For this maneuver you need more altitude, so first climb to 7000 feet (and, for practice purposes, save your mode when you get there).

  1. From straight and level (minimum 4000 feet AGL), apply full down elevator.
  2. Wait for the airspeed indicator to pin at maximum.
  3. Smoothly apply up elevator until the indicator is at about its three-quarter position.
  4. When you see only sky, apply full throttle.
  5. Take a side view until you are nearly inverted.
  6. Switch to a front view.
  7. When you see earth or lake only (you're then on the downside of the loop), cut throttle completely.
  8. When you see horizon again, return your elevator to neutral and your throttle to its normal cruise setting.

As you try to get the hang of this, analyze what you're doing and why. First, you need all the speed you can muster to climb up steeply and turn over on your back. That's why you dive first—to pick up the speed.

You want a nice round loop. Don't rush your up elevator; apply it smartly and smoothly, but not abruptly.

As your airplane's angle of attack increases to the point where you're climbing so steeply that all you see out front is sky, you push the throttle to the wall, because you need all the power you can get to continue to climb.

You take a side view next, because that's the only place where you can get a clue as to your relationship to the earth; the blue sky gives you none. When you can see you're almost upside down, you know you're just about at the top of the loop, and you'll shortly be descending. You look out front again, and watch for the ground to fill your windshield. Then you know you're on the downside of the loop, so you cut your power completely, because the airplane will pick up plenty of speed without any assistance from the engine.

Then, when you see some horizon again, you're back to a more or less normal condition, so you normalize your controls and make whatever adjustments are needed to resume straight-and-level flight.

(If you have an unfortunate contact with something other than air when you first attempt the loop, don't be discouraged. Try again with some altitude to spare, say at 5000 feet AGL—that means an altimeter reading of 8000 feet here over Flathead Lake—until you get the hang of it. It takes some practice, as does anything worth doing.)

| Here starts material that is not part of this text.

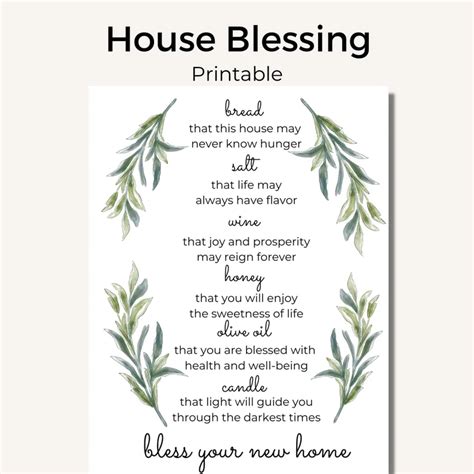 Housewarming Printable House Blessing Printable Bread, Salt, Wine New Neighbors New Homeowners ...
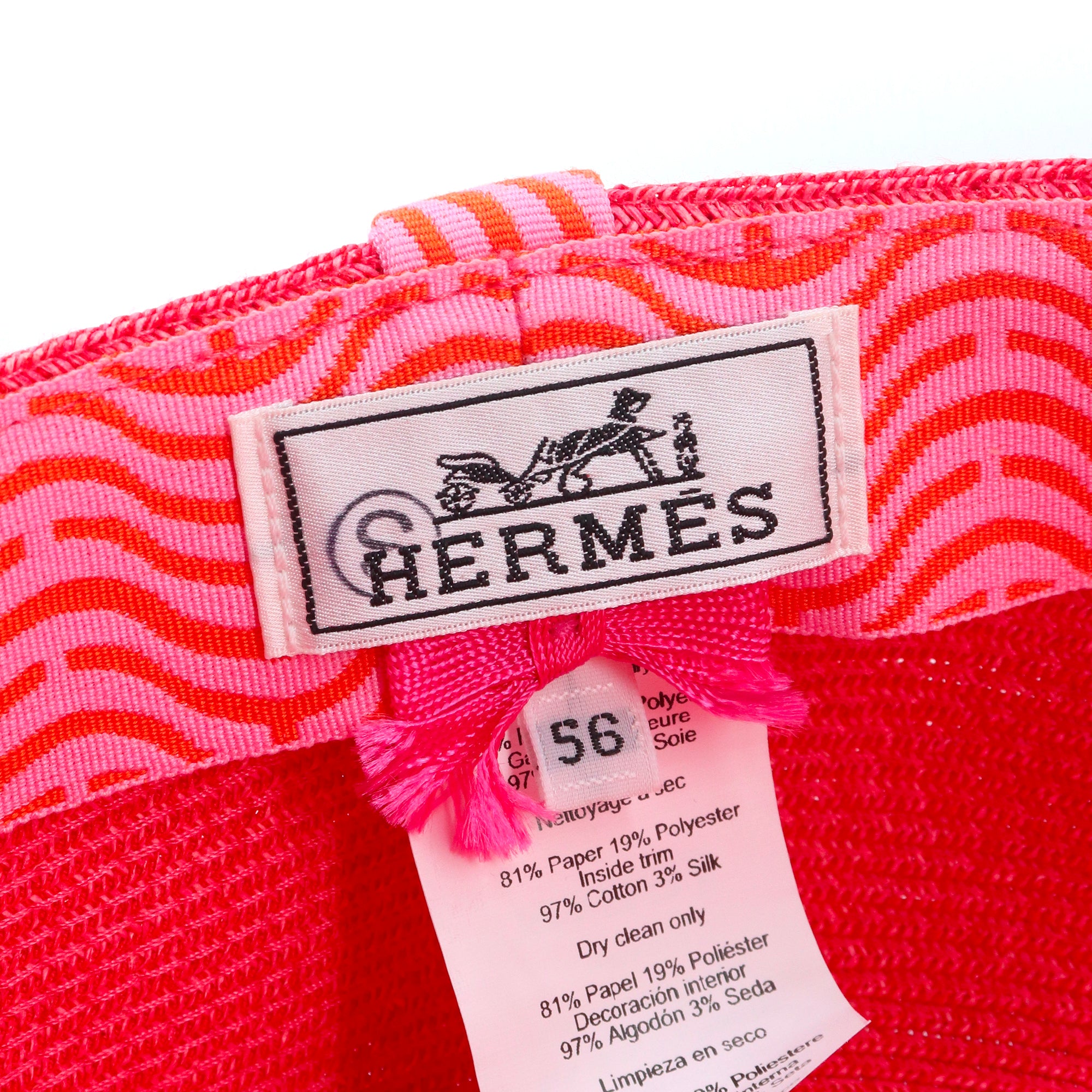 HERMÈS - Casquette Galatée Hermès en papier rose (T56)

It should be mentioned that the procedure described for looping the simulated Cessna and Piper is not very realistic. The entry speed required (from the initial dive) is higher than that in an actual aircraft. Theoretically, an extra 30 percent of speed should normally be enough to execute the loop (see the book Roll Around a Point by champion exhibition pilot Duane Cole), but no way will our Cessna or Piper climb and turn over on its back starting with that entry speed (at least in my experience). Therefore, we need a lot of altitude, because we lose a lot of it diving for speed.


Now that we're up here, and we're into loops, here's another stunt for your repertoire. It involves simply a half-loop and a half-roll, and is called “The Immelman,” after World War I German ace Max Immelman (though there's some argument as to whether he ever executed the maneuver, at least in a dogfight).

To do it, do a half-roll at the top of your loop, a hair before you're inverted (checking this with a side view, as in the full loop, but quickly switching to a front view so you can control the rollout). This is a very advanced maneuver, and when I get really expert at it I'll let you know.

Practice any or all of the foregoing stunts to—as the expression goes—your heart's content. Then follow a generally northerly direction back up the lake—hugging the west shore—to Kalispell Airport and your landing on Runway 13. If you need to, you can pick up a radial to fly toward Kalispell OMNI, frequency 108.4. But as you can see on your chart, the airport is about eight miles southwest of the station, and a big bend of the Missouri River points straight at it. Your best bet is to use your eyes, and remember the airport elevation: 2933 feet.